Quando uma mulher decide interromper a gravidez, consulta o seu prestador de saúde. A partir daí, tem uma primeira entrevista com a equipe que a apoia e assessora sobre o aborto e, se ela decide concretizar a decisão, abre-se um formulário e, cinco dias depois dessa consulta, é entregue a medicação para que a mulher faça o aborto no seu domicílio, rodeada por sua rede familiar. Ou, eventualmente, a administração do medicamento acontece na instituição de saúde. A primeira opção é sempre pelo aborto com medicamentos porque evidências científicas demonstram que é mais efetivo e seguro até as 12 semanas [de gestação]. Se há alguma dificuldade, institucionaliza-se para que se realize o procedimento cirúrgico. Mas, em princípio, faze feito com medicamentos, quem faz é a mulher, que é monitorada pela equipe de saúde – e isso tem funcionado para a maioria das mulheres. Algumas mulheres também recorrem a redes de apoio social que também têm tido resultados. Em termos gerais, o sistema funciona de maneira adequada.

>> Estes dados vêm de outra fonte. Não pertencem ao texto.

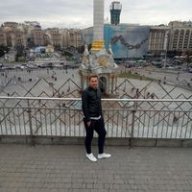Vova.Brizickiy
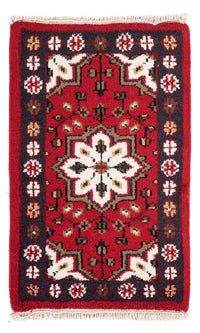 オリエンタル絨毯 90x60cm – product image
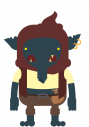 Skrip.png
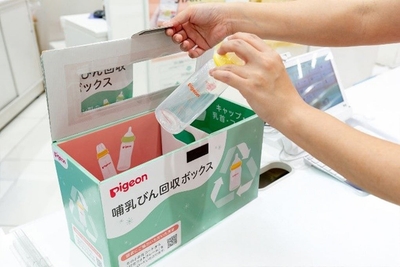 xcAJSCAQRlsaCGuahUoP.jpg?w=940&h=940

Como foi o processo de construção da lei? O governo teve que bancar sua posição contra setores conservadores na política e na sociedade?

O processo de construção foi muito complexo. Mas a realidade é que o Uruguai teve uma experiência prévia, de dez anos antes da aprovação da lei, que se chama modelo de redução de riscos e danos e iniciativas sanitárias contra o aborto provocado em condições de risco. Com esse modelo, a percepção social do aborto mudou e passou a ser considerada como um tema de saúde pública há algum tempo. E isso permitiu que fosse bem compreendida por parte da população a necessidade de uma lei que descriminalizasse o aborto como um problema de saúde. Ganhamos. Foi difícil porque a lei que foi negociada pelo parlamento  é complexa. Participei da regulamentação [da lei] no Ministério da Saúde Pública, e essa regulamentação foi implantada nos serviços.

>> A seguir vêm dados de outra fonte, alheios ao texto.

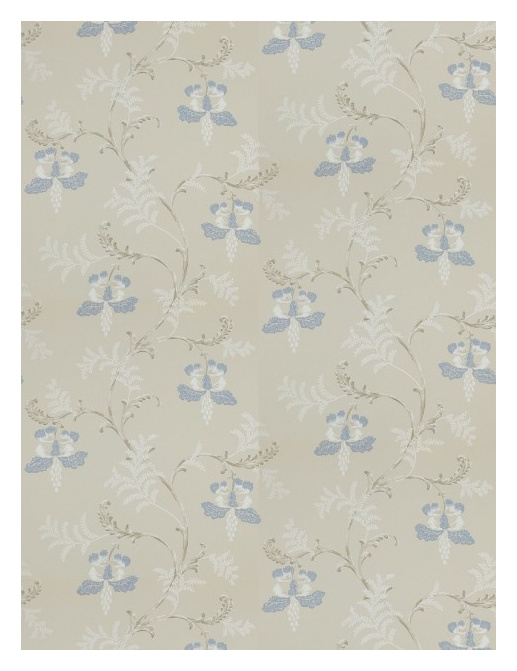 Обои Colefax and Fowler Lindon 07127/05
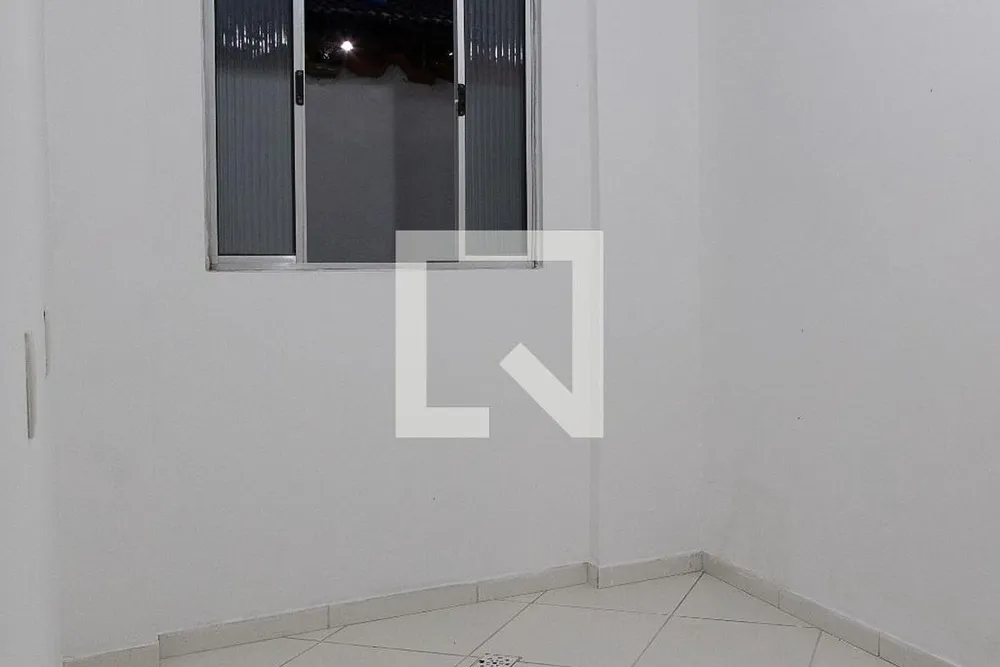 Casa, 6 quartos, 320 m² - Foto 38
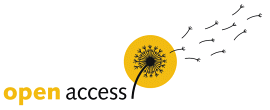 Open Access - Software Distributor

Depois de quase cinco anos de vigência da lei, a sociedade uruguaia tem uma percepção diferente do aborto hoje?

Creio que sim. Depois de cinco anos de implementação, o que se compreende é que foi uma lei benéfica para as mulheres, as famílias e a sociedade. Não houve nenhuma dificuldade com a implementação, com complicações nem muito menos mortes. As mortes que ocorreram foram abortos feitos de maneira clandestina e inseguros, situações de violência em geral. Mas, em geral, foi muito exitoso e resultou, inclusive, numa redução da taxa anual de abortos [desde a implantação da lei]. O que significa que estamos chegando à fase de estabilização e, logo, vamos observar uma diminuição dos casos de aborto [em relação a antes da lei]. A lei mostrou que o aborto é uma prática segura, acessível e infrequente.

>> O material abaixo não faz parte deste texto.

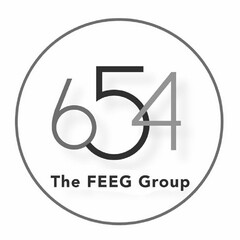 654 THE FEEG GROUP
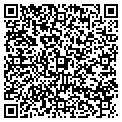 QR code with H&R Block contacts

No Brasil, o aborto segue sendo um tabu e há um conjunto de iniciativas parlamentares em curso para barrar até mesmo a interrupção da gravidez em caso de estupro ou anencefalia. Na sua opinião, quais são os elementos fundamentais para que grupos feministas, militantes da saúde pública consigam fazer pressão em seus países para que as legislações avancem?

Fui ao Brasil várias vezes. Com certeza, é o país da América Latina onde mais fui agredido por parlamentares e grupos antidireitos. Pró-vida somos nós; antidireitos são os outros que, na realidade, são pró-morte porque as políticas que eles promovem, ao invés de favorecer a vida, favorecem o aumento da mortalidade materna e, consequentemente, o aumento da mortalidade infantil. Ou seja: pró-vida sou eu; pró-morte, eles. A experiência no Brasil foi difícil e a lição que eu tirei foi que o país teria que avançar implementando modelos de redução de danos e permitindo que, mesmo na ilegalidade, se possa assessorar as mulheres brasileiras no Sistema Único de Saúde sobre os métodos com menor risco para a realização do aborto.